A huge box office success, the film became the highest-grossing film of 1979.

==Plot==
Durga (Nirupa Roy) and Vikram Kapoor (Amjad Khan) have been married for years. Vikram has taken to crime in a big way and as a result has antagonized a rival gangster, Jaggi (Kader Khan). Durga gives birth to twins, but Jaggi steals one of them and sells him to a bootlegger, Pascal. Durga is upset when she finds her son missing, but is devastated when Vikram abandons her. With a lot of difficulties, Durga brings up her son, Kishan (Shashi Kapoor), and has given up on finding her other son. Kishan has grown up and is now a dedicated police officer. On the other hand, Pascal has exploited Amit (Amitabh Bachchan), educated, and made him a petty criminal and alcoholic. This gets him in a confrontation with Kishan but the two settle their differences and become fast friends. Vikram is not aware of his two sons and wife being alive. Without revealing his identity, he hires Amit to kill Kishan during a Navratri dance at Maa Sherawali's temple. Amit informs Kishan and together with other police personnel, keep vigil. Things do not go as planned; they are attacked and Kishan loses his eyesight, leaving the onus on Amit to try to locate the person behind this crime. Full of singing, dancing, and stunts, the film has a strong moral undertone of good triumphing over evil despite any odds.

==Cast==

- Shashi Kapoor as Kishan Kapoor
- Amitabh Bachchan as Amit Kapoor
- Rekha as Basanti
- Parveen Babi as Anu
- Nirupa Roy as Durga Kapoor
- Amjad Khan as Vikram Kapoor
- Ranjeet as Gopal
- Kader Khan as Jaggi
- Jeevan as Pascal
- Jagdish Raj as Inspector Khan
- Krishan Dhawan as Lala Seth
- Master Titto as young Kishan
- Master Ratan as young Amit
- Moolchand as Marwadi Seth, shop owner
- Vatsala Deshmukh as Jamnabai
- Komila Virk as glamorous girl in bar

== Production ==
Many scenes were filmed at Film City, Mumbai and London. Desai filmed a middle and climax chase scene in Mumbai and London and edited them in such a way that these scenes appear to take place in Mumbai. "Teri Rab Ne Bana Di Jodi" song was filmed in Richmond Park, London with a UK-based Punjabi dance group from Southall. "Ae Yaar Sun" song was filmed in Film City and at Birla Mandir, Shahad near Ulhasnagar in Thane district of Maharashtra.

==Soundtrack==

| # | Song | Singer |
|---|---|---|
| 1 | "Aaj Imtihan Hai" | Lata Mangeshkar |
| 2 | "Athra Baras Ki Tu Hone Ko Aayi Re" | Lata Mangeshkar, Mohammed Rafi |
| 3 | "O Maata Sherawali" | Mohammed Rafi, Asha Bhosle |
| 4 | "Teri Rab Ne Bana Di Jodi" | Mohammed Rafi, Shailendra Singh, Asha Bhosle |
| 5 | "Ae Yaar Sun, Yaari Teri" | Mohammed Rafi, Shailendra Singh, Asha Bhosle |
| 6 | "Main To Beghar Hoon, Apne Ghar Le Chalo" | Asha Bhosle, Shashi Kapoor |
| 7 | "Ek Daal Pe Do Phool Khile" | Anwar |

When Mohammed Rafi teamed up with Laxmikant–Pyarelal, their songs received positive reviews. Their songs became hits. In this film, Rafi sang for Amitabh Bachchan while Shailendra Singh sang for Shashi Kapoor.

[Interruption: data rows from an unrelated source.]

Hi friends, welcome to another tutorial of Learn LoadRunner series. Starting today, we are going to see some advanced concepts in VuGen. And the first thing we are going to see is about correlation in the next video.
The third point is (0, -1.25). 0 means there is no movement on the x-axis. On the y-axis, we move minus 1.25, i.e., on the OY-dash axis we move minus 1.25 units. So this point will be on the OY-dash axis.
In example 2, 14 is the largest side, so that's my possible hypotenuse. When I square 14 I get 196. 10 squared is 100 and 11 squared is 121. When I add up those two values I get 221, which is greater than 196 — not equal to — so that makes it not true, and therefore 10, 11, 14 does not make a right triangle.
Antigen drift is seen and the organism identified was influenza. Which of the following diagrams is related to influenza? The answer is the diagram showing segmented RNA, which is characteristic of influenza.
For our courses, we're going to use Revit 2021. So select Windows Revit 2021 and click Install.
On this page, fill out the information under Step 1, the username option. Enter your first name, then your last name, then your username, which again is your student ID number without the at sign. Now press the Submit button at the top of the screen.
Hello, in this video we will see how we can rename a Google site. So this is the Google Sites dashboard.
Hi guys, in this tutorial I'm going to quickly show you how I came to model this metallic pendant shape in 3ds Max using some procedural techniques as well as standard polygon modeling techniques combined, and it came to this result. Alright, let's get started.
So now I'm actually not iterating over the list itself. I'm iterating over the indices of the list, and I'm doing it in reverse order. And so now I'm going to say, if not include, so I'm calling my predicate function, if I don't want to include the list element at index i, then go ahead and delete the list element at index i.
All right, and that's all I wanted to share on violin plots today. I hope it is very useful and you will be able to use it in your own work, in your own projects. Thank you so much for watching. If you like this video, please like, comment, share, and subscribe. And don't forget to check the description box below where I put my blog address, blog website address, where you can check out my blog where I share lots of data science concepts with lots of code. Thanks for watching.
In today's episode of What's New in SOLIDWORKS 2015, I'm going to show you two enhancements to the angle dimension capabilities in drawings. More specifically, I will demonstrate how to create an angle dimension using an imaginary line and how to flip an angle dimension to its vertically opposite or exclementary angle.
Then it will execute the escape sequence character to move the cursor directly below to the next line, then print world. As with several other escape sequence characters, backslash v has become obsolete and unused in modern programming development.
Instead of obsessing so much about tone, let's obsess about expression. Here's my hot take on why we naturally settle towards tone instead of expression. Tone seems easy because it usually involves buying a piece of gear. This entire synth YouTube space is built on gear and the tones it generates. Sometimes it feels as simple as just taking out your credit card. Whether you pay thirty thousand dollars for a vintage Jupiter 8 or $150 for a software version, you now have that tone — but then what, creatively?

Just as "Yeh Dosti Hum Nahin Todenge" from Sholay defined friendship for a generation, "Ae Yaar Sun Yaari Teri" became another anthem of camaraderie.
"Tere Rab Ne Bana Di Jodi" continues to grace countless Punjabi weddings.

==Remake==
The film was remade in Telugu as Satyam Sivam (1981) with N. T. Rama Rao and Akkineni Nageswara Rao.